*Exercise data*

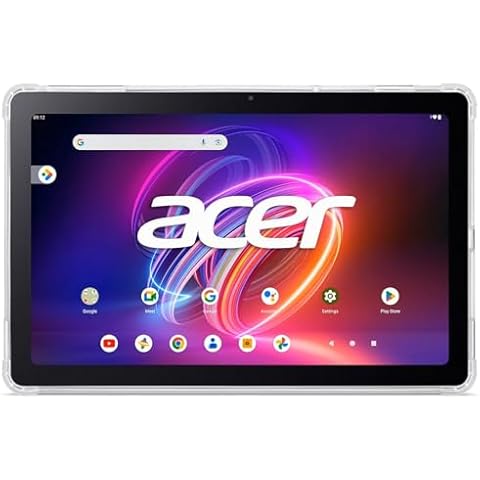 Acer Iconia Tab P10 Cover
...
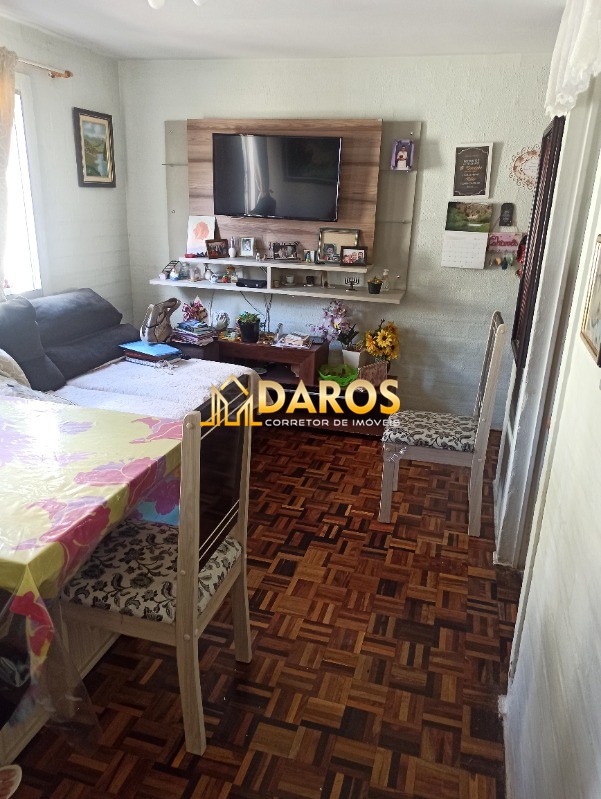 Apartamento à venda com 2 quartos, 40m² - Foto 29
...
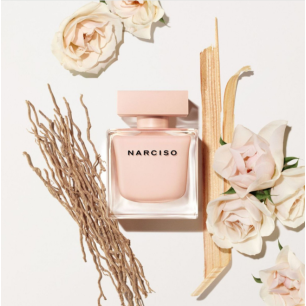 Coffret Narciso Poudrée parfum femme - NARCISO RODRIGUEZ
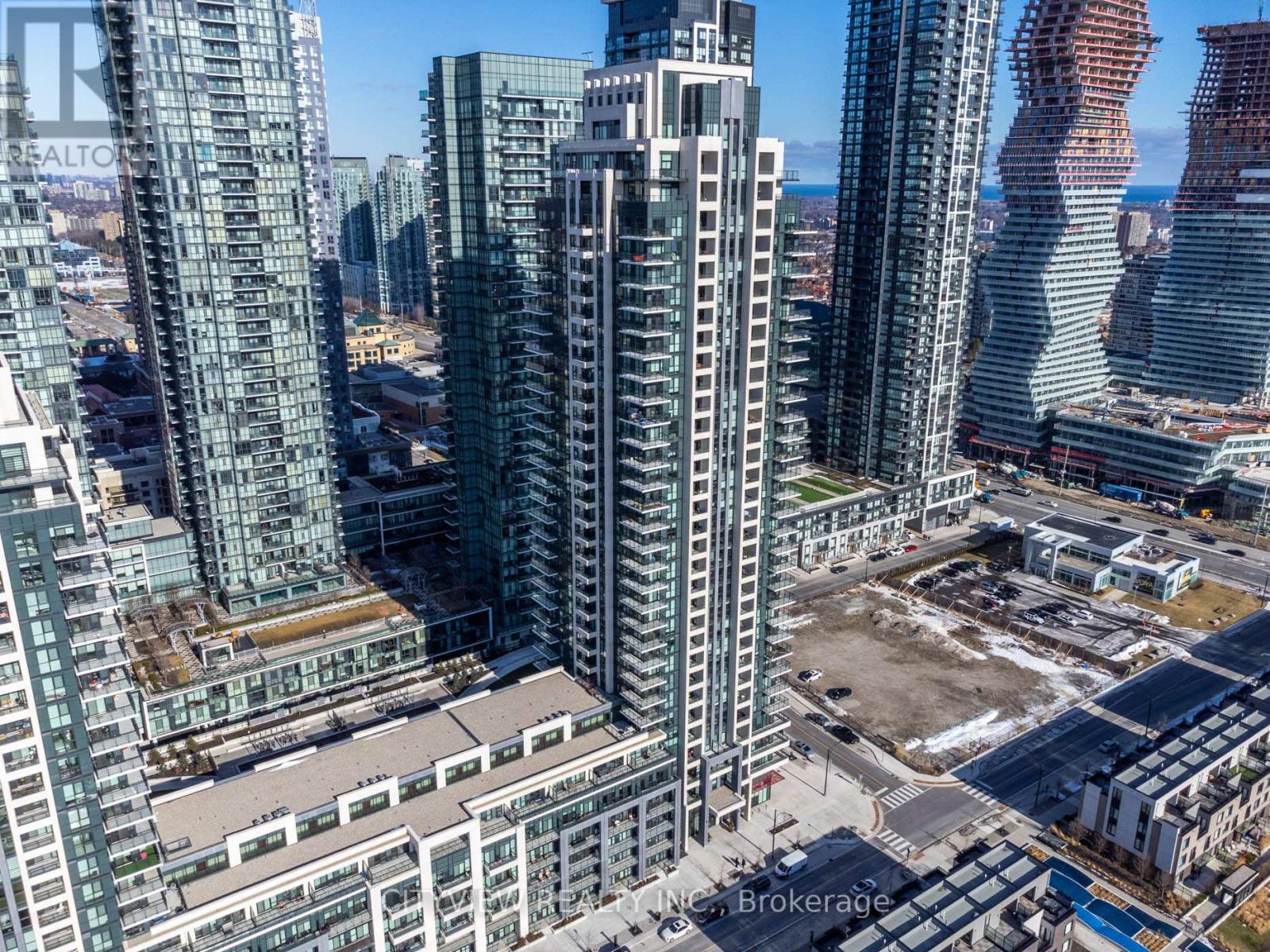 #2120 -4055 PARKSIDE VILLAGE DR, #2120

*Task goal*
Give again, exactly as written above, each line from the one that has "Coffret Narciso Poudrée" to the one that has "#2120 -4055 PARKSIDE VILLAGE DR, #2120", both included; omit the pictures.

*Response area*
 Coffret Narciso Poudrée parfum femme - NARCISO RODRIGUEZ
 #2120 -4055 PARKSIDE VILLAGE DR, #2120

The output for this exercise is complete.